ConocoPhillips announced plans to acquire Marathon Oil Corporation through an all-stock transaction valued at $22.5 billion, including $5.4 billion in net debt. Marathon Oil shareholders will receive 0.2550 shares of ConocoPhillips common stock for each share of Marathon Oil common stock, reflecting a 14.7% premium over Marathon’s closing share price on May 28, 2024, and a 16.0% premium to the 10-day volume-weighted average price.
The deal, subject to Marathon Oil shareholder approval, regulatory clearance, and customary closing conditions, is expected to be finalized in Q4 2024.
“This acquisition enhances our portfolio by adding high-quality, low-cost inventory adjacent to our leading U.S. unconventional position,” stated Ryan Lance, ConocoPhillips Chairman and CEO. “We share similar values and operational philosophies, and this move will be immediately beneficial to our earnings, cash flows, and shareholder distributions. Significant synergies are expected.”

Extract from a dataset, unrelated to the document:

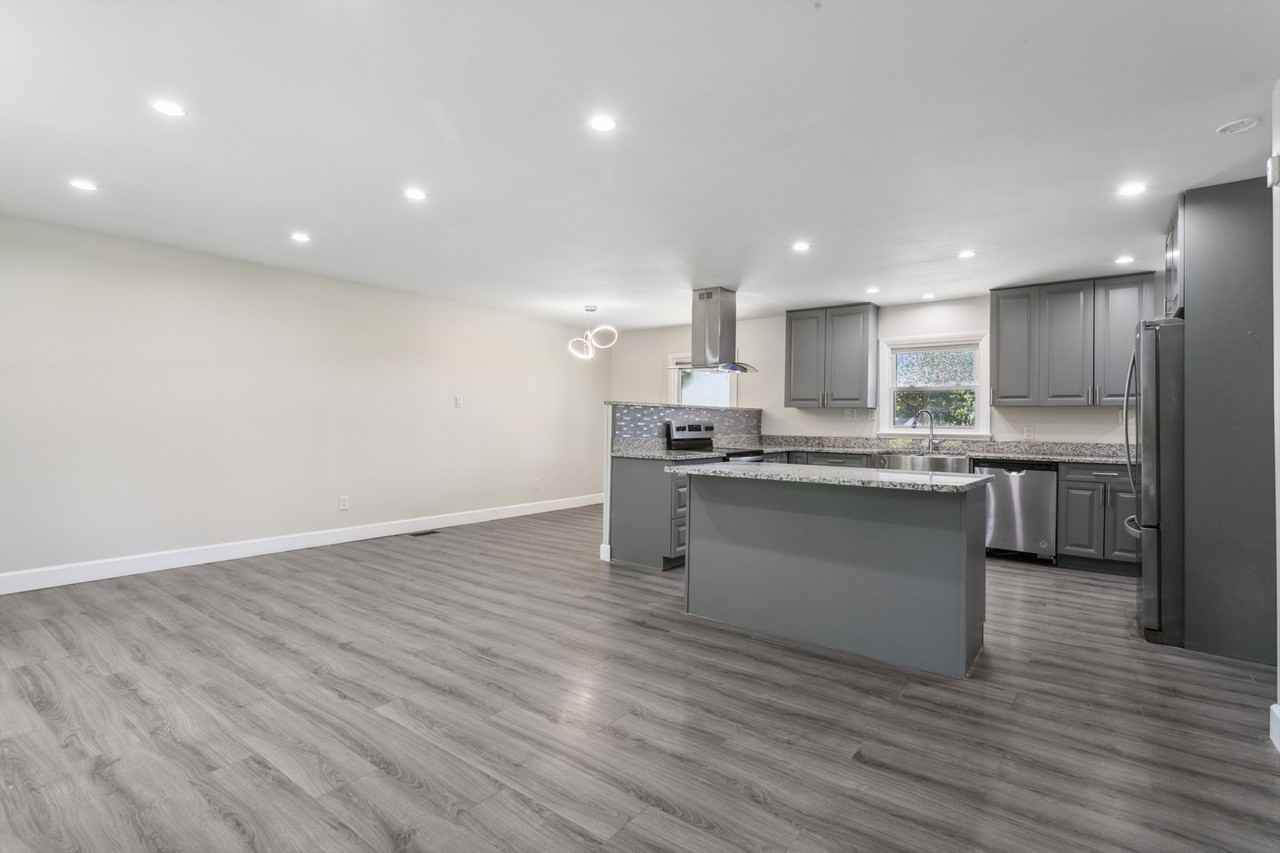 314 Martha Lee Dr #1 - Photo 6 of 33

Lee Tillman, Marathon Oil Chairman, President, and CEO, expressed pride in Marathon’s achievements and confidence in ConocoPhillips’ ability to build on their legacy. “With its robust asset base, financial strength, and operational excellence, ConocoPhillips is the ideal partner to enhance our assets and provide significant long-term shareholder value.”
Transaction Benefits
The acquisition is anticipated to be immediately accretive to ConocoPhillips’ earnings, cash flow, and return of capital per share. ConocoPhillips projects at least $500 million in annual cost and capital savings within the first year post-closing, achieved through reduced administrative costs, lower operating expenses, and improved capital efficiencies.
The acquisition will enhance ConocoPhillips’ Lower 48 portfolio, adding over 2 billion barrels of resources with a forward cost of supply estimated at less than $30 per barrel WTI.
Shareholder Distribution Update
Independent of the acquisition, ConocoPhillips will increase its base dividend by 34% to 78 cents per share starting Q4 2024. Following the transaction closure and assuming current commodity prices, ConocoPhillips plans to repurchase over $7 billion in shares within the first year and over $20 billion within three years.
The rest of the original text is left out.